Grossièrement, le projet de DRETSKE est de décrire et définir des états tels que la croyance comme des états informationnels. ENGEL en parle en ces termes : « si l'on résume l'analyse de la croyance de Dretske, on dira qu'un agent a une croyance que p (a) s'il y a un état neuronal S de l'agent véhiculant l'information i et qui joue un rôle approprié d'indication dans l'organisation fonctionnelle de l'agent, et si (b) à la fin d'une certaine période d'apprentissage de S, S acquiert le contenu sémantique que p. »4(*). Autrement dit : « ... la croyance qu'il y a une mouche dans son environnement immédiat s'identifie à une structure interne de la grenouille ayant acquis une fonction d'indication et véhiculant le contenu sémantique qu'il y a une mouche dans l'environnement immédiat. »1(*).

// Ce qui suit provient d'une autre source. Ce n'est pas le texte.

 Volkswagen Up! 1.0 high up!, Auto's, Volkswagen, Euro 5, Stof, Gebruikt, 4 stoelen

Parmi les nombreuses difficultés que pose ce type de théorie, nous pouvons en relever une toute simple : la définition qui nous est donnée ne nous permet pas de faire la différence entre une sensation/perception et une croyance, la sensation/perception pouvant elle aussi être définie comme une structure interne ayant acquis une fonction d'indication et véhiculant le contenu sémantique qu'il y a une mouche dans l'environnement immédiat.

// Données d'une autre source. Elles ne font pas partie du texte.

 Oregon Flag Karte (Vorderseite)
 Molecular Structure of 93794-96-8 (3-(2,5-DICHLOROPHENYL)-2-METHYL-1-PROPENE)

ENGEL affirme que « la difficulté principale d'une analyse de la croyance en termes de la notion de contenu informationnel est que les contenus des croyances sont individualisés de manière plus fine que les contenus informationnels. »2(*). En fait, DRETSKE distinguerait un contenu de croyances et un contenu informationnel, ceux-ci différant « quant à leur « ordre d'intentionnalité » »: « un état S doué d'un contenu a une « intentionnalité de premier ordre » si et seulement si : (a) tous les F sont G, (b) S a le contenu que t est F, (c) S n'a pas le contenu que t est G. Une intentionnalité de second ordre est exemplifiée quand (a) est remplacé par la condition (a') selon laquelle c'est une loi naturelle que les F soient G ; on a une intentionnalité de troisième ordre s'il est (a'') nomologiquement nécessaire que les F soient G. »3(*).

DRETSKE paraît donc résoudre la difficulté exposée par ENGEL.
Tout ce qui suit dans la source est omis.